The waiting room was a testimony to society’s ills. Lack of education, experience, honesty, openness. It was also a testimony to relationship, support, conscientiousness, and love. No one was alone, and despite the various levels of tension, everyone was in full consciousness of their place in relationship to life and the rest of the world. And we all took our turns.

And it was quick and it was only slightly uncomfortable. The most uncomfortable moment was when my boyfriend questioned whether it was his or not. That part really killed me. And for a couple years afterward I imagined how old the baby would be at any given time. I had a few dreams with her in it. I always imagined it was a girl. I am sorry that I’m not ready for children yet. But I know it will be better once I am ready.
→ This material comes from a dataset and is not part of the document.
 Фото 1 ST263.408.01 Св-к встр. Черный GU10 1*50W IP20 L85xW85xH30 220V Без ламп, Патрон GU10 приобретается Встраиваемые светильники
In the last couple years though, I haven’t thought about it from the point of questioning my action. I think about it only as far as what people would think of me if they knew, or why women can’t talk about such an unfortunate situation. Its not that it is a good thing or a bad thing, its an unfortunate situation, and no one should have to be polarized on this issue. We should be able to make decisions for ourselves, and celebrate and grieve those decisions, and be cherished as existing pieces of the world community.

Someday I’ll enter the political realm, I’m thinking, and someone will look up my credit card record, and they’ll see I gave a specific sum to Planned Parenthood. Then I will have to stand up publicly, outside of the rally crowd and say yes, this is what I did. Until then I fight for the right for women to determine what is best for themselves in the general universal sense.

I had an abortion. It was the best decision for me, and while I have grieved for this, I have never regretted it and I’m not sorry. You don’t have to be sorry either.